Die moralische Kommunikation, die zwischen Gut und Böse unterscheidet, kann zu Problemen führen, die sie selber nicht mehr lösen kann. Die zunehmende Gereiztheit in öffentlichen Auseinandersetzungen, ein Argwohn gegenüber Informationen, der ans Paranoide grenzt, und die Spielarten populistischer Kommunikation gehören zu den wesentlichen Folgen.
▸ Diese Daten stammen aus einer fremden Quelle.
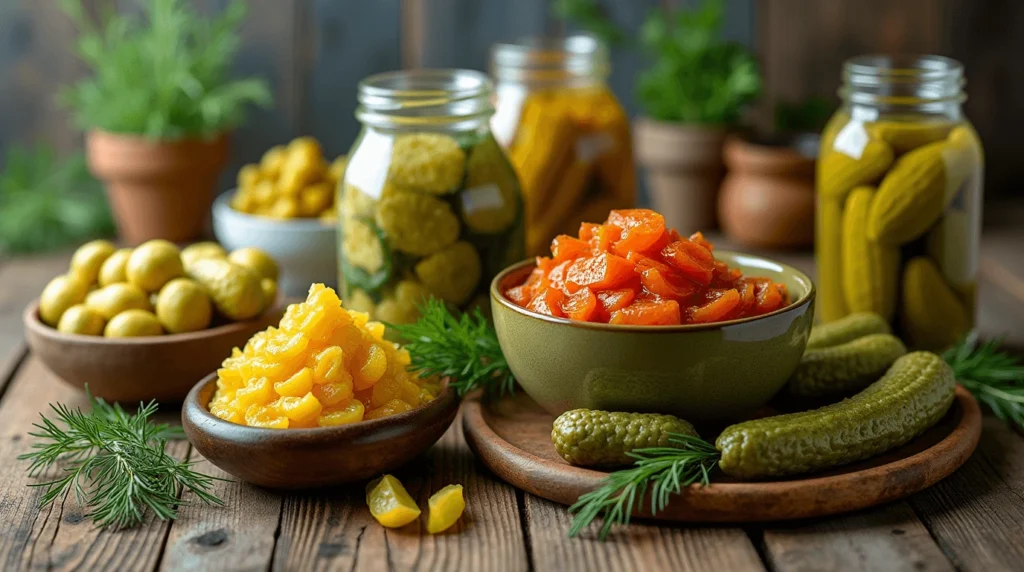 Pickle Pie Pizza: Why This Bold, Flavor-Packed Recipe Is a Must-Try 2 An assortment of pickles including dill, sweet, bread-and-butter, and spicy varieties, arranged in glass and ceramic containers on a rustic wooden table, ideal for Pickle Pie Pizza toppings.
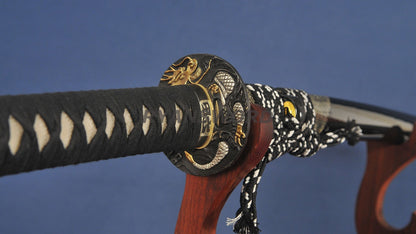 Katana 1095 High Carbon Steel Clay Tempered with Engraving Full tang Ray skin saya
Um der Gefahr von Bruchlinien, die innerhalb der Gesellschaft nicht mehr gekittet werden können, entgegenzuarbeiten, wurde der Moral immer eine Aufsicht zur Seite gestellt, die den blinden Fleck der moralischen Unterscheidung bedenken soll. Der blinde Fleck der Moral besteht darin, dass sie selbst nicht entscheiden kann, ob ihre Unterscheidung zwischen Gut und Böse selbst gut oder böse ist. Im Fall der Wirtschaft scheint es evident, dass eine Unterscheidung der Zahler und Nichtzahler in Gut und Böse nicht gut ist.10 Das heißt, es braucht eine Reflexionsinstanz, die darüber entscheidet, wo die moralische Unterscheidung überhaupt angewendet werden soll und wo gerade nicht. Diese Aufgabe hat seit der Antike die Ethik übernommen. Doch spätestens seit der frühen Neuzeit ist die Ethik zusehends von dieser Aufgabe überfordert und ihre Autorität ist in der Moderne weitestgehend zerstört.